– Żeby dobrze zarządzać bazą kandydatów, muszą być spełnione dwa kryteria: dobry ATS i bieżące przeglądanie potencjalnych spływów. Myślę, iż dzięki tym dwóm czynnikom jesteśmy w stanie skutecznie docierać do świetnych specjalistów — mówi Joanna Sposób, Head of People Operations w Polcode — firmie, która aktywnie i z sukcesami korzysta z talent pool.
Cześć! Wyobraź sobie taką sytuację. Myślę o zmianie pracy, jednak nie musi to nastąpić już teraz. Chciałabym raczej zapisać się do bazy firm, które w przyszłości mogą mnie potrzebować. Czym powinnam kierować się przy wyborze firm?
To jest bardzo dobre pytanie, bo na samym wstępie trzeba sobie otwarcie powiedzieć, iż idealne firmy nie istnieją. Przynajmniej ja w takie nie wierzę.
My podeszliśmy do tego bardzo skrupulatnie. Potrafiliśmy zaglądać tam, gdzie jest niewygodnie i dzięki temu z roku na rok Polcode staje się coraz lepszym miejscem pracy. I to nie jest tylko moja subiektywna opinia, ale poparta corocznym badaniem satysfakcji, które jest dla nas szczególnie ważnym momentem w cyklu życia firmy.
W jaki sposób firmy budują talent pools? Na jakie stanowiska zwykle gromadzą takie bazy?
Przede wszystkim trzeba sobie tutaj powiedzieć, iż talent pool to nie jest tylko baza danych. To również sieć kontaktów rekruterów.
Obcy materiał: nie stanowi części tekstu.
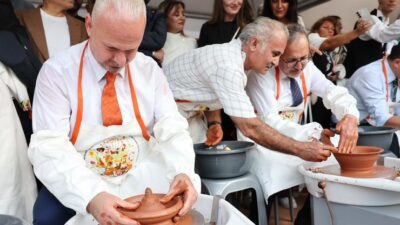 Geçtiğimiz ay gerçekleştirilen 5. Uluslararası Menemen Çömlek Festivali'nin yankıları sürüyor.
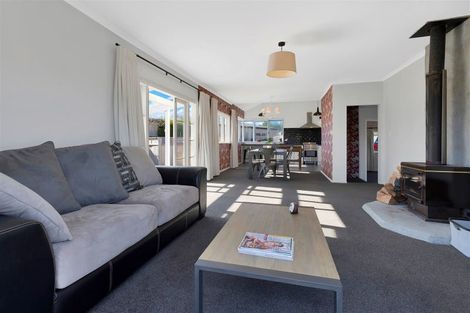 Photo of property in 18 Grierson Avenue, Amberley, 7481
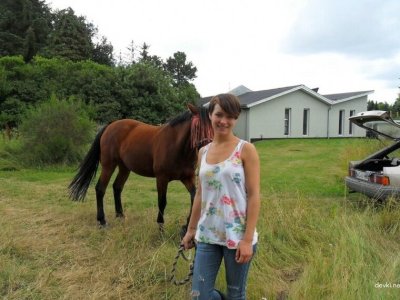 Тёлка на даче — сочные сиськи и попка в коротких шортах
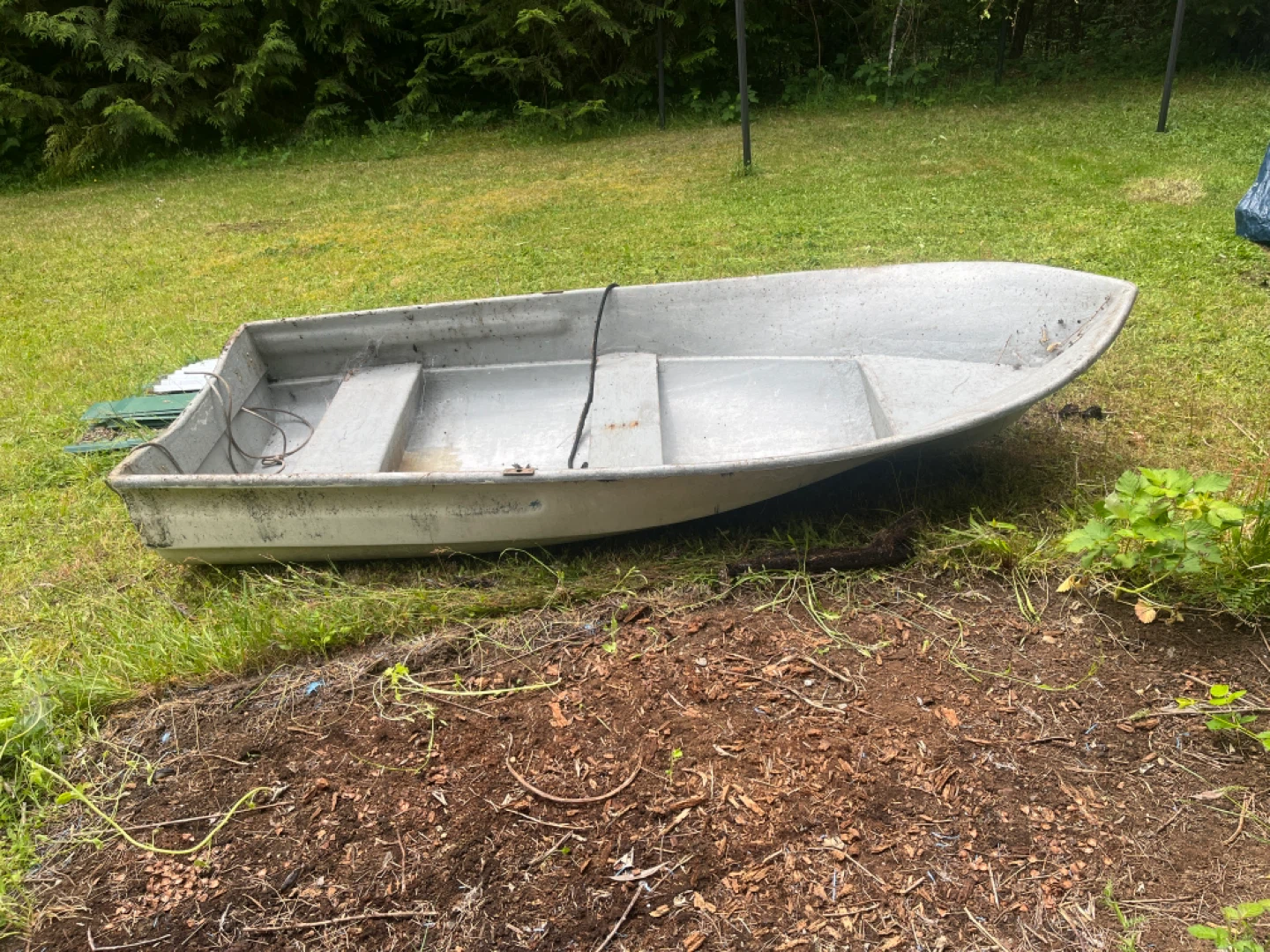 Small Rowing Boat - photo 3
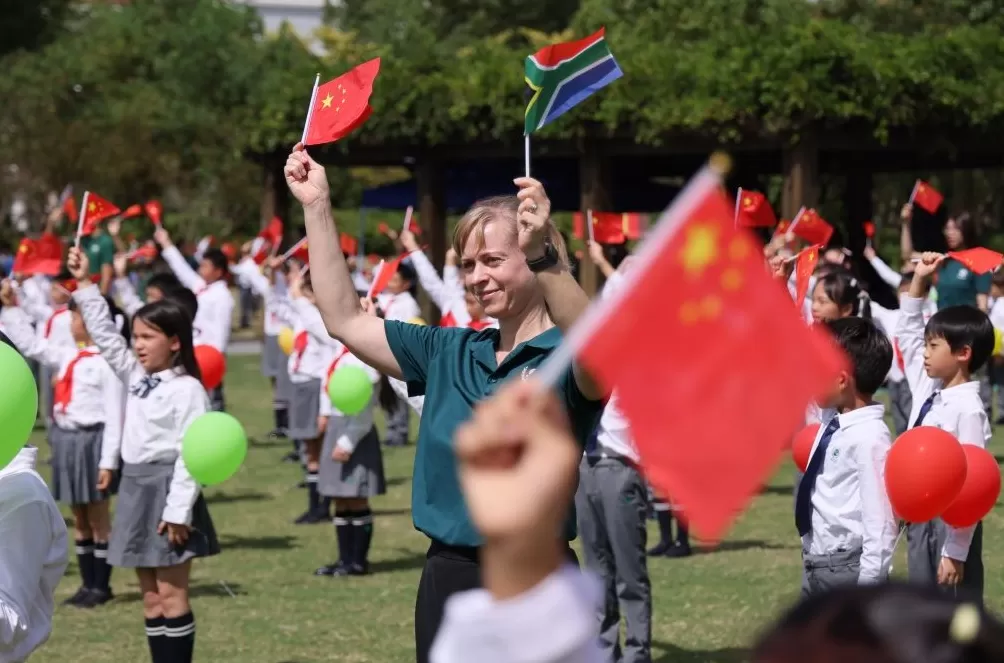 国庆将至,上海宋庆龄学校举办“祝福你,中国”快闪活动-第3张图片- 国庆将至,上海宋庆龄学校举办“祝福你,中国”快闪活动-第3张图片-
W naszym talent pool znajdują się osoby z bardzo różnym doświadczeniem i odmienną historią „relacji” z Polcode. Podczas rozmów rekrutacyjnych staramy się być bardzo szczerzy i zawsze mówimy kandydatom, iż obydwie strony tutaj decydują, dają sobie zielone światło lub nie.
Niektóre osoby nie przeszły przez naszą rekrutację, bo w jakimś aspekcie ich doświadczenie na dany moment nie zazębiało się z naszymi potrzebami. Niektórzy kandydaci nie przyjęli naszej oferty pracy, bo na dany moment czuli, iż w innej firmie będzie im lepiej. Ale takie sytuacje nie oznaczają przecież, iż kooperacja nigdy nie będzie możliwa. Wtedy często wysyłamy zaproszenie do naszego talent pool i ta praktyka spotyka się z dużą aprobatą ze strony kandydatów.
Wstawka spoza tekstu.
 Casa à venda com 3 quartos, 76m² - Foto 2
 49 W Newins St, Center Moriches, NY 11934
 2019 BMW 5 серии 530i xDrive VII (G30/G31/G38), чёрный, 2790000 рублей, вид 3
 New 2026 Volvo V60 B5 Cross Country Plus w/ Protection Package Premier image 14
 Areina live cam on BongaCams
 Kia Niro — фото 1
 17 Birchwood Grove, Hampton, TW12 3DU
Często choćby na etapie weryfikacji CV, kiedy widzimy, iż ktoś jest na początku swojej drogi i nie ma jeszcze odpowiedniego levelu seniority lub pracuje w innym kraju, w którym jeszcze nie zdecydowaliśmy się zatrudniać ludzi i musimy takiej osobie podziękować, wysyłamy link z zaproszeniem do talent pool.
Jest też wielu specjalistów, którzy zgłaszają swoją kandydaturę na zasadzie „for future projects”, którzy po prostu słyszeli o Polcode, znają nas z rynku, wiedzą, iż będą za jakiś czas kończyć im się projekty i chcą nam zostawić na siebie namiary oraz informacje o swoim doświadczeniu.
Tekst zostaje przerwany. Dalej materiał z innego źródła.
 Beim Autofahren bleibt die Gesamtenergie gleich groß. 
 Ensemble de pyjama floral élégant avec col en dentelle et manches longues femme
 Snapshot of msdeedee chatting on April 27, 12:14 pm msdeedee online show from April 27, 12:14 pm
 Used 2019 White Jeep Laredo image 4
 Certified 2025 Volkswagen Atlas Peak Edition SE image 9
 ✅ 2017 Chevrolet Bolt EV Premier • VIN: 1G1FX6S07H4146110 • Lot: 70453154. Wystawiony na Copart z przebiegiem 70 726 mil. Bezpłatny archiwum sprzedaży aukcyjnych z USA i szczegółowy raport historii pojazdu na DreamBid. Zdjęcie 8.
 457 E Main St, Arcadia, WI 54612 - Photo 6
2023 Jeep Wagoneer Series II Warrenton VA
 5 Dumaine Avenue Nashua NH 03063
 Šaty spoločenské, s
Kolejnym przykładem osób, które chętnie korzystają z zapisania się do naszego talent pool, są ci, którzy trafiają tam bezpośrednio z naszej zakładki kariera. Takie osoby, które nie znalazły wśród naszych otwartych pozycji stanowiska dla siebie, ale na tyle mocno czują potencjał pracy dla Polcode, iż chcą dać sobie szansę na współpracę w przyszłości.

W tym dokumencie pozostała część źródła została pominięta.